就職は遊びではない、自己の快楽のために就業するのではないのであり、辛く、厳しく、いやなことも経験していかなければならず、新人社員の個人的能力など企業側もはじめから期待していない。困難な任務やベテランでなければ対応できない職務には就かせないのは当たり前の話である。長い勤務経験があって初めて信頼を勝ち得る。決して始めから自己評価が通る世界ではない。
何故にそのようになるのかは明らかなことで、主体性を持たせる教育に多くの問題がある。褒めることによって、積極性が生まれ、多くの可能性があるとしている。そのこと自体はよいことであり、その通りなのであるが、社会人としてのルールすら分からない新人が、何が出来るのであろうか、出る釘は打たれるのである。突然の拒絶は、企業側の悪意ではない。能ある鷹は爪を隠すで、組織のルールを逸脱して自己主張は通らないのである。
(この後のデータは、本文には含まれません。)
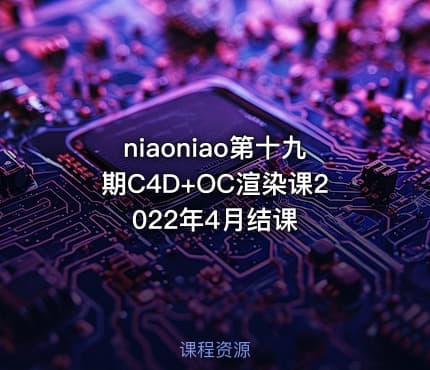 niaoniao第十九期C4D+OC渲染课2022年4月结课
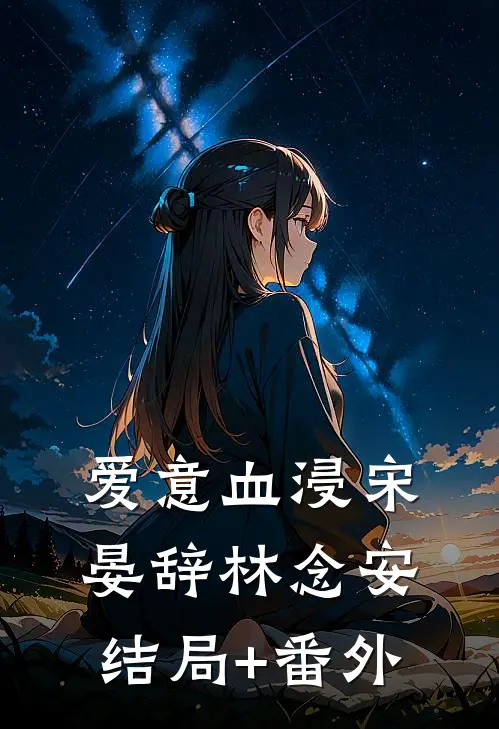 爱意血浸宋晏辞林念安结局+番外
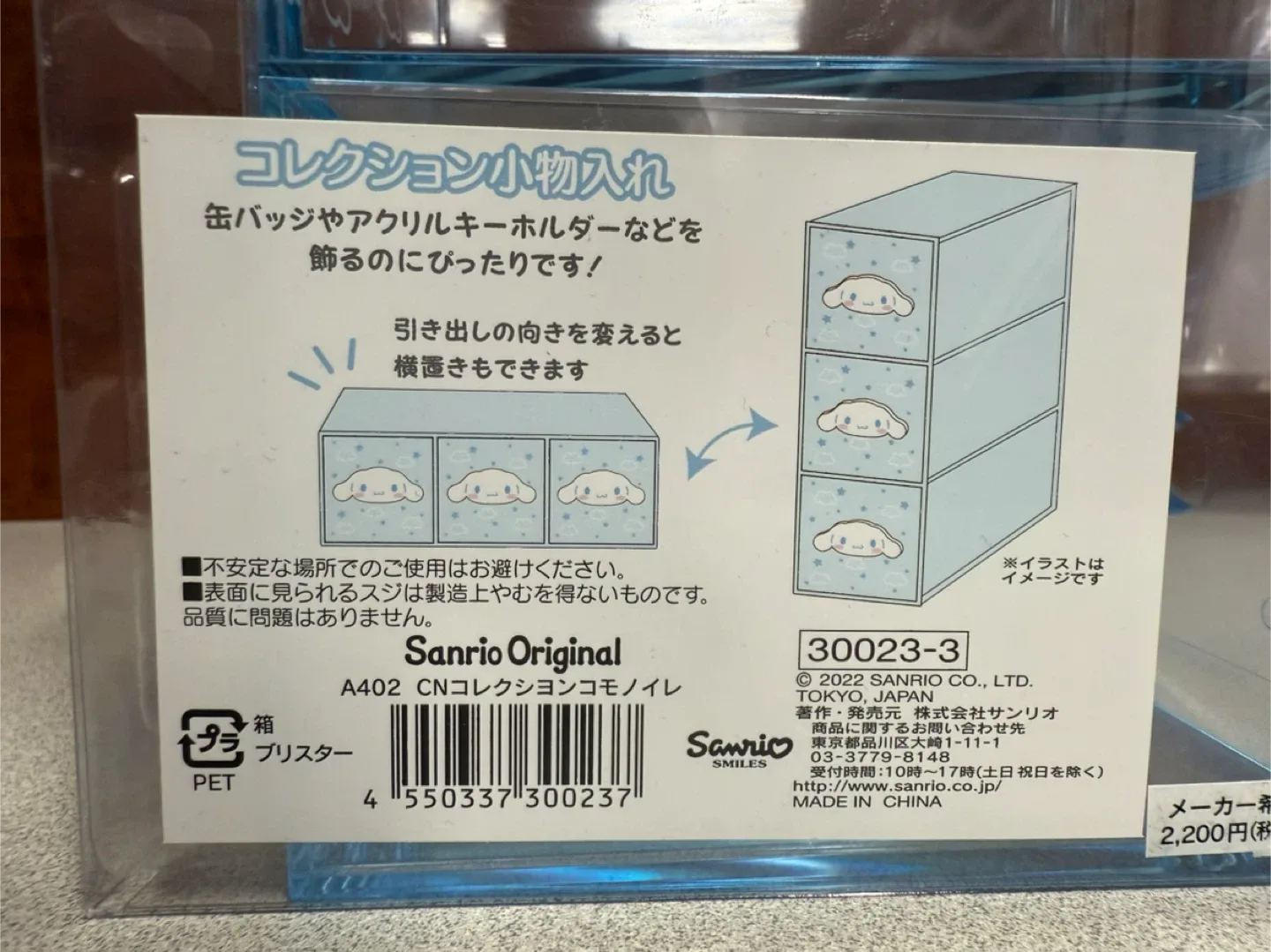 Sanrio Cinnamoroll 3 Drawer Acrylic Jewelry Box - NEW! image indicator(4)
企業では個人は協調性の中に存在するもので、一人親方ではない世界を十分理解する必要があろう。
いやな作業でも、単純でばからしい作業でも何でもやってみてから考えればよいのであるが、経験もしないうちから、好き嫌いでは仕事は出来ない。そして大事なことは、考え方の日本人的判断である。何事も中庸といわれるとおり、反対の人がいれば賛成の人がいる。その割合は50対50であり、賛成とも反対とも付かない特徴があるとのことであった。反対している者の意見でも本音と建て前があり、考えは反対しても実際の行動は賛成し、逆も行われる。これを持って調和というのかも知れないが、考え方一つにしても様々あるのが人間世界であることも頭の隅に置いておく必要がある。
中根千枝氏が縦型社会の人間関係でいわれていたことに、あわせと選びがあるが、日本人の特徴として選びよりもあわせを重視するといわれていたことを思い出した。この考え方は多くの日本人が持っているといっても良いと思う。そこには自己主張する主体は顔を出さず、相手にあわせる配慮を求めていることを意味している。